Trendsetters are paying thousands for these bespoke glasses

It’s like a custom suit… for your face!

Next door to the Bronx Brewery in Port Morris, in a warehouse studio crammed with a vintage drafting table, antique tools and piles of water buffalo horn, Wesley Knight, 28, has created an eyebrow-raising niche-within-a-niche business: bespoke horn eyeglass frames.

A single pair of Knight’s glasses take up to six months to make and start at $2,300 (without lenses, and no, he doesn’t take insurance) — but the price goes up depending on the design, which can include precious stones and platinum. He produces just 50 frames a year for ultra-private and particular captains of industry and trendsetters alike.

“One of my clients [a prominent entertainment executive] told me to just express myself creatively,” Knight says of a customer’s initial request. “But I still needed to interpret his aesthetic: the clothes he wears, the art and architecture in his home.” The result was a pair of black-and-white horn rims with a trapezoidal bridge.

He’s based other designs on the architecture of a client’s favorite window and even the wheel of a prized, 1950s-era MG car. Fashion designer Pamella Roland, known for her red-carpet gowns worn by stars such as Eva Longoria and Viola Davis, commissioned a pair inspired by a shade of green featured in one of her collections.

“I like quality things, but I can’t afford a Rolls-Royce,” says Tennessee resident Dennis Mann, 68, who owns three pairs of Knight’s frames. “This is something that people see right away . . . I get comments everywhere I go.”
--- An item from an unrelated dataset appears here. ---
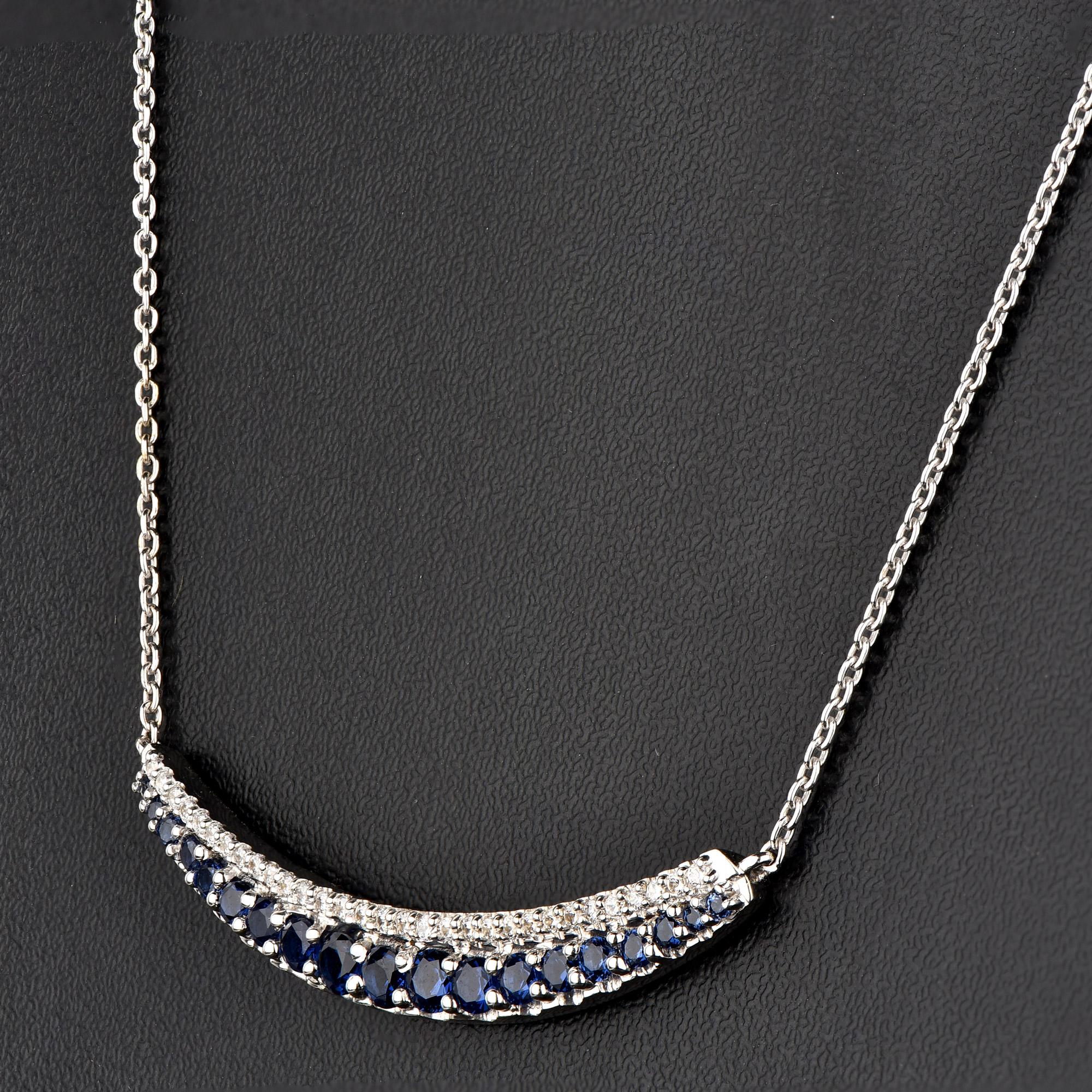 A striking addition when worn on its own, this diamond pendant makes a stunning impression. The pendant is crafted from 14 karat gold in your choice of white, rose, or yellow, and features 31 round white diamond and 19 blue sapphire set in pressure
Knight’s time-consuming and intimate process includes a series of consultations, molds and measurements. It allows him to mask undesirable features, like under-eye bags, and accommodate large bridges, which can make glasses ride high and cover the brow.

“You want to highlight the brow and the cheek bones,” says Knight, a Nashville native who started his eponymous business in 2013 and moved to East Harlem six months ago. He adds that custom frames also improve vision by optimizing where exactly the lens sits in front of the eye.

Knight, who typically wears a pair of vintage-inspired horn glasses that he made for himself, crafts his specs from water buffalo horn, most of it sustainably sourced from India.

“I chose to work with horn because of the romance and the forgotten nature of the material,” he says, noting that it’s lighter than plastic, wicks oil away from the skin and is hypoallergenic.

The few firms that do make personalized eyeglasses today largely outsource the labor or rely on technology to scan the face and create a 3-D model. But Knight uses a 19th-century facial caliper. Along with basic optometry, he studied how to hone horn, create custom nose molds and make wooden prototypes.

Knight has long been obsessed with old-fashioned tailoring, as well as other, more esoteric trades.

“When I was 13, I started sewing my jeans. After that, I was consumed by crafts, like crocheting, leather-working and bookbinding,” he says.

During his time at New College Franklin, a small liberal arts college outside Nashville, Knight apprenticed under bespoke shoemakers at Carréducker in London. It was an experience, he says, that made him prize the close relationship between customer and craftsperson.

Jonathan Swygert, 26, who works for the Flatiron District-based custom suiting shop Knot Standard, found Knight on Instagram. He says that his pair of Knight-made frames are his most significant investment.

“It’s a work of art that’s handmade by this emerging artist just for you. But you also get to wear them all day, every day. They are the best of both worlds,” says Swygert.

Knight says that while he is interested in designing a ready-to-wear line of frames, his made-to-order service will likely remain the core of his business.

“I think it’s a beautiful thing when a client and a maker put their voices together to create something that wouldn’t have existed otherwise,” Knight says.